ABOUT THIS TASK> Set the pictures aside and write down, exactly as they appear, the lines from the one containing "BANDAI GUNDAM UNIVERSE" through the end of the material.

RECORDS>
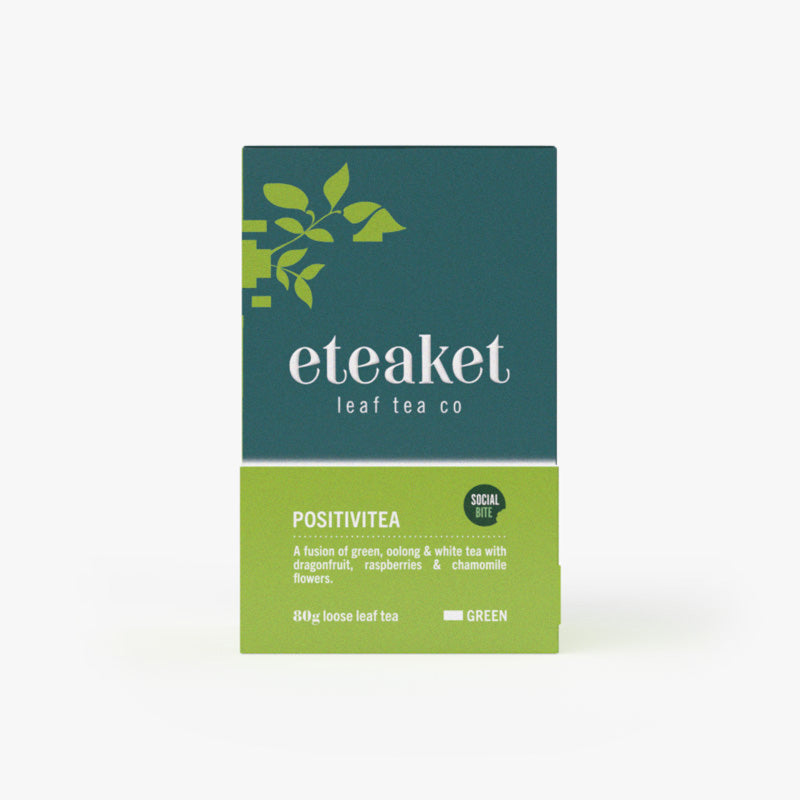 Positivitea – carton front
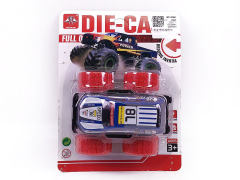 Die Cast Cross-country Car Friction(3S) toys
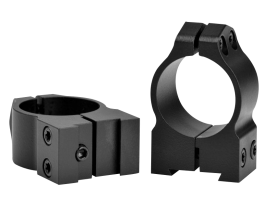 Warne 16mm Brno/cz-base Permanent Rings, 1''/medium, Matte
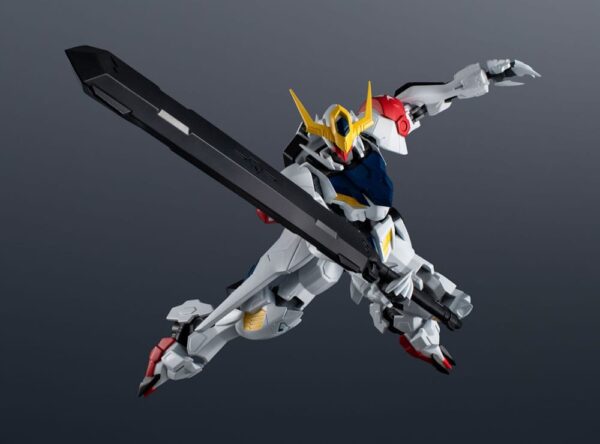 BANDAI GUNDAM UNIVERSE ASW-G-08 Gundam Barbatos Lupus 16 cm - immagine 4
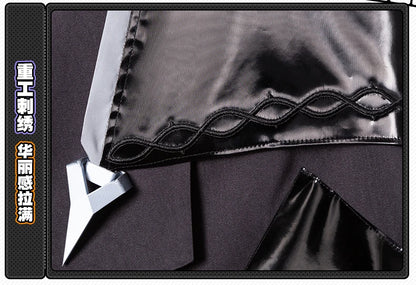 Zenless Zone Zero Vivian Cosplay Costume Wig Dress Uniform Headwear Mockingbird Carnival Halloween Party for Women Girls Props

RESULT>
 BANDAI GUNDAM UNIVERSE ASW-G-08 Gundam Barbatos Lupus 16 cm - immagine 4
 Zenless Zone Zero Vivian Cosplay Costume Wig Dress Uniform Headwear Mockingbird Carnival Halloween Party for Women Girls Props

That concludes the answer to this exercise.